TASK PROMPT: All of the data should be restated word for word.

DATA FOR THE TASK:
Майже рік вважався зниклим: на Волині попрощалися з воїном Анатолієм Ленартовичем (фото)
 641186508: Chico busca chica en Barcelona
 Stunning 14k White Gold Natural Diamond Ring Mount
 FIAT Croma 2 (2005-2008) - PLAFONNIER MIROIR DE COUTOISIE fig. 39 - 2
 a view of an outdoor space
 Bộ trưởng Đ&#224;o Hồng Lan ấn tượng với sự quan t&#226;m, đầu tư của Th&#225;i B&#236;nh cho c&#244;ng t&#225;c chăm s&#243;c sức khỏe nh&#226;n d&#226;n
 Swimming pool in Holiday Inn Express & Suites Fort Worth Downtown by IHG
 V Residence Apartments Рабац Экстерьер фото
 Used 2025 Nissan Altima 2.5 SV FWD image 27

ANSWER TO THE EXERCISE:
Майже рік вважався зниклим: на Волині попрощалися з воїном Анатолієм Ленартовичем (фото)
 641186508: Chico busca chica en Barcelona
 Stunning 14k White Gold Natural Diamond Ring Mount
 FIAT Croma 2 (2005-2008) - PLAFONNIER MIROIR DE COUTOISIE fig. 39 - 2
 a view of an outdoor space
 Bộ trưởng Đ&#224;o Hồng Lan ấn tượng với sự quan t&#226;m, đầu tư của Th&#225;i B&#236;nh cho c&#244;ng t&#225;c chăm s&#243;c sức khỏe nh&#226;n d&#226;n
 Swimming pool in Holiday Inn Express & Suites Fort Worth Downtown by IHG
 V Residence Apartments Рабац Экстерьер фото
 Used 2025 Nissan Altima 2.5 SV FWD image 27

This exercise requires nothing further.